Loading model from torchvision

model = models.segmentation.deeplabv3_resnet50(pretrained=True, progress=False, num_classes=21, aux_loss=None)
model.classifier[4] = nn.Conv2d(256, 1, (1, 1), (1, 1))
model.aux_classifier[4] = nn.Conv2d(256, 1, (1, 1), (1, 1))

Freeze initial layer for finetuning

idx = 0
for name, param in model.named_parameters():
# print(idx, name)
if idx < 129:
param.requires_grad_ = False
else:
break
idx += 1

Defining device to cuda if GPU is avaliable else to cpu

device = torch.device(‘cuda’ if torch.cuda.is_available() else ‘cpu’)

Defining loss criterion

criterion = FocalTverskyLoss(alpha=0.9)

Defining optimizer to update model params, Adam’s a good default

optimizer = optim.Adam(model.parameters())

Learning rate scheduler to update lr when loss stops improving

scheduler = optim.lr_scheduler.ReduceLROnPlateau(optimizer, patience=2)
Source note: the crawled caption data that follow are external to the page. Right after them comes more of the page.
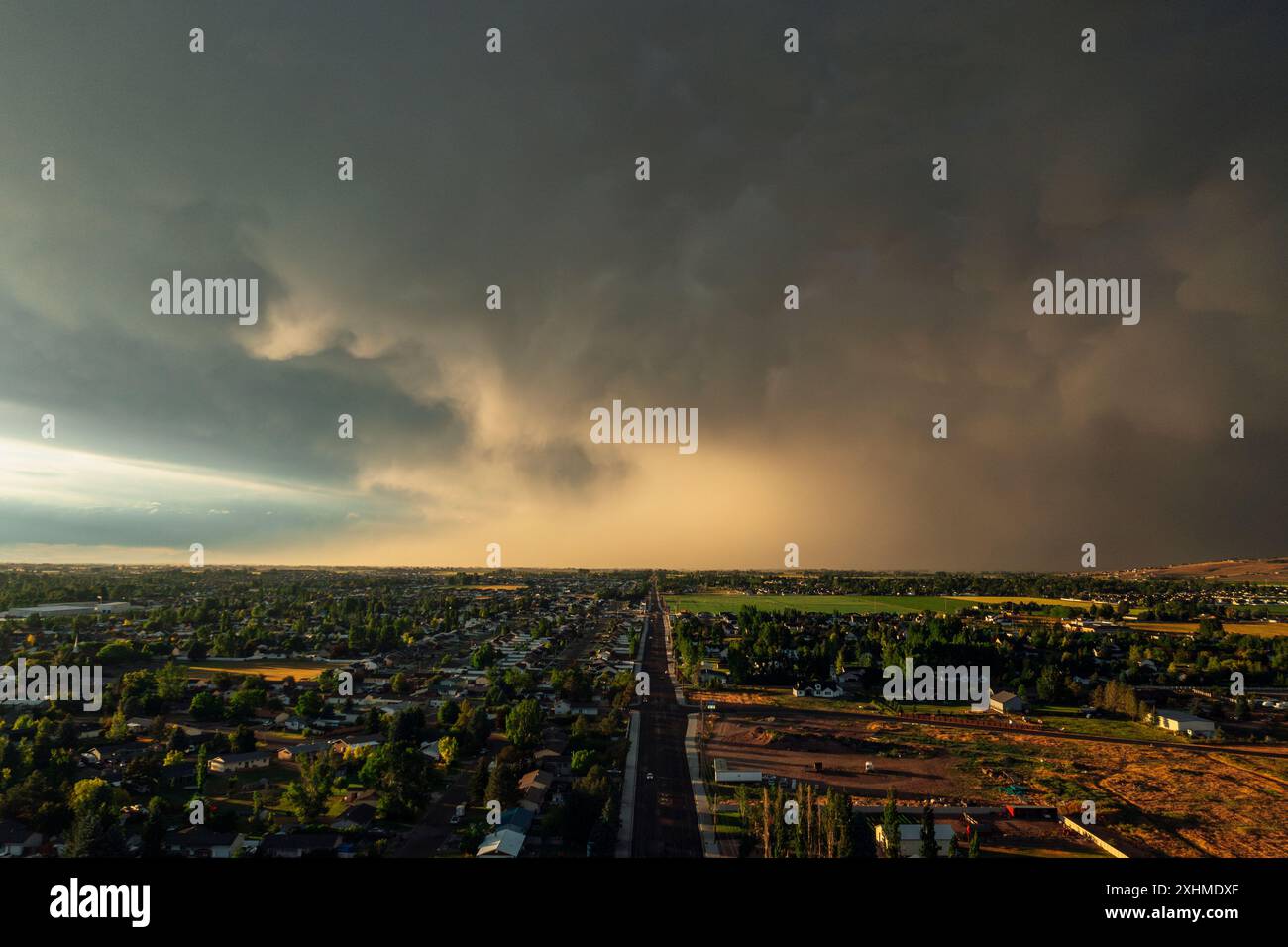 Dramatic storm clouds sweep across the sky at sunset. Stock Photo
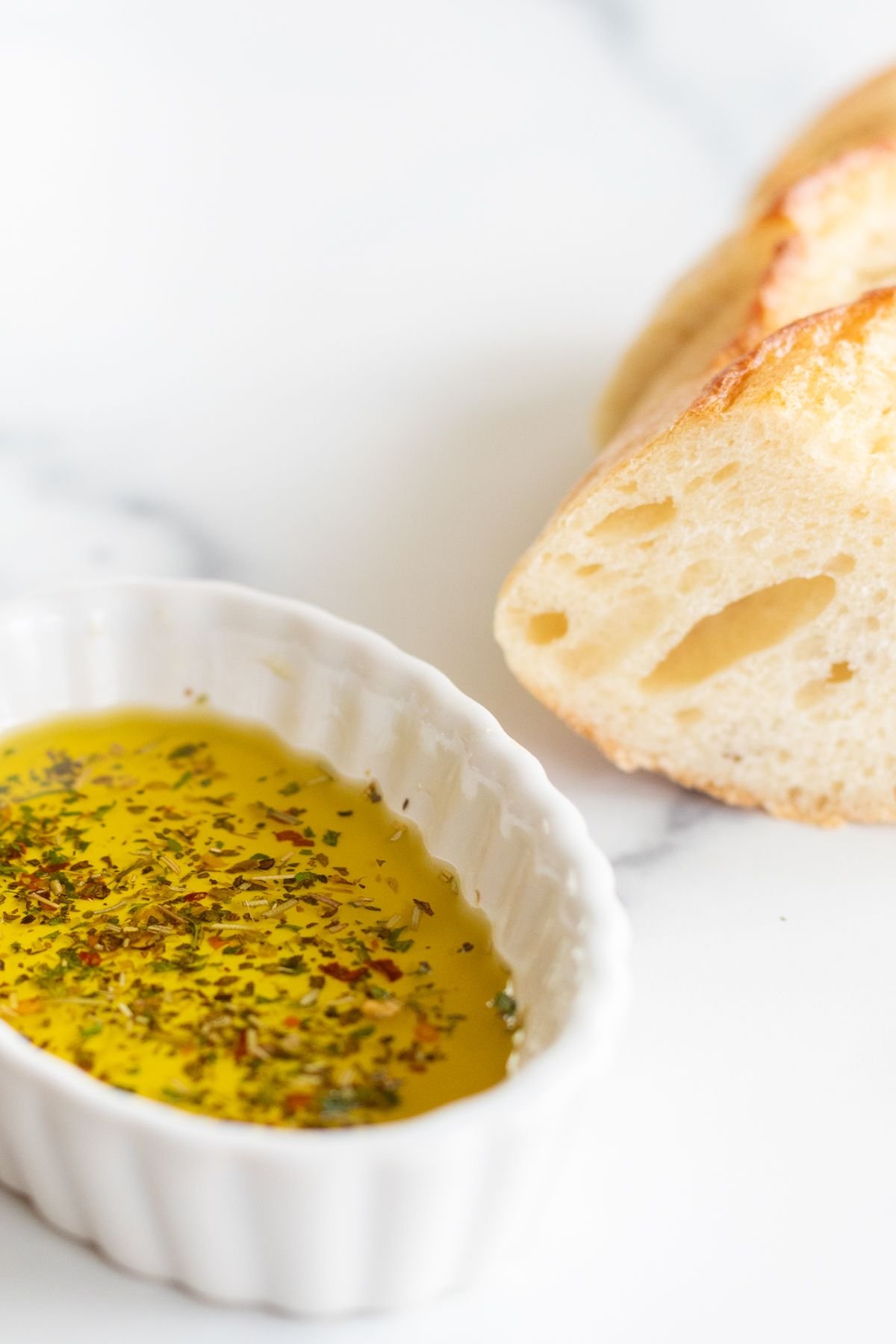A white ramekin full of olive oil bread dip, loaf of bread to the side. 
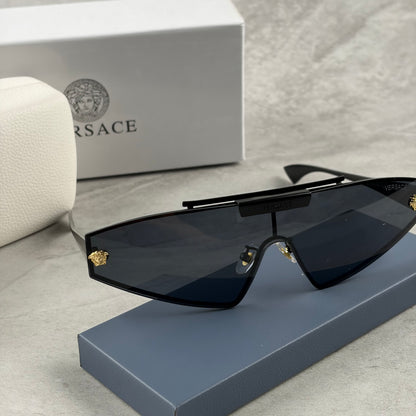 Modern shield sunglasses with a sleek black frame and dark tinted lenses on a grey background.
Path at which to store model and required configs

model_save_path = ‘Models/’

If model file exits load previous training configs (model and other stuff) to continue training else start from 1

if os.path.exists(model_save_path + ‘deeplabv3_resnet50_train.pt’):
checkpoint = torch.load(model_save_path + ‘deeplabv3_resnet50_train.pt’)
start = checkpoint[‘epoch’] + 1
min_val_loss = checkpoint[‘val_loss’]
model.load_state_dict(checkpoint[‘model_state_dict’])
optimizer.load_state_dict(checkpoint[‘optimizer_state_dict’])
scheduler.load_state_dict(checkpoint[‘scheduler_state_dict’])
else:
start = 1
min_val_loss = 100

if torch.cuda.device_count() > 1:
print("Let’s use ",torch.cuda.device_count(),“GPUS!”)
model = nn.DataParallel(model, device_ids=[0,1]).cuda()

Move model to device

model.to(device)

Total epochs to train for

epochs = 100

Training loop

for epoch in range(start, epochs + 1):
train_loss = 0.
val_loss = 0.

# Switch model to training mode
model.train()

# Forward pass through dataset
for imgs, masks in train_loader:
    # Move batch data to device
    imgs, masks = imgs.to(device), masks.to(device)
    
    # Clear previous gradients
    optimizer.zero_grad()
    
    # Forward pass the batch and get predictions
    preds = model(imgs)['out']
    
    # Calculate Loss
    loss = criterion(preds, masks)
    
    # Add to calculate loss for whole dataset
    train_loss += (loss.item() * imgs.size(0))
    
    # Backpropagate gradients
    loss.backward()
    
    # Make weight updates
    optimizer.step()
    
    # Empty cuda cache to clear useless data from VRAM for better utilization
    torch.cuda.empty_cache()

# Switch model to inference mode
model.eval()

# Forward pass through validation dataset
with torch.no_grad():
    for imgs, masks in val_loader:
        imgs, masks = imgs.to(device), masks.to(device)
        
        preds = model(imgs)['out']
        
        loss = criterion(preds, masks)
        val_loss += (loss.item() * imgs.size(0))
        
        torch.cuda.empty_cache()
  
# Average loss on the dataset
train_loss /= len(train_dataset)
val_loss /= len(val_dataset)

# Change lr if loss is not improving
scheduler.step(val_loss)

# If loss is decreasing then store model and other configs in file else not    
if val_loss < min_val_loss:
    min_val_loss = val_loss
    torch.save({
        'epoch': epoch,
        'model_state_dict': model.state_dict(),
        'optimizer_state_dict': optimizer.state_dict(),
        'scheduler_state_dict' : scheduler.state_dict(),
        'val_loss' : min_val_loss
        }, model_save_path + 'deeplabv3_resnet50_train.pt')
    torch.save(model, model_save_path + 'deeplabv3_resnet50_infer.pt')
    
# Print epoch number and train loss
print('Epoch {}:\tTrain Loss: {}\tVal Loss: {}'.format(epoch, train_loss, val_loss))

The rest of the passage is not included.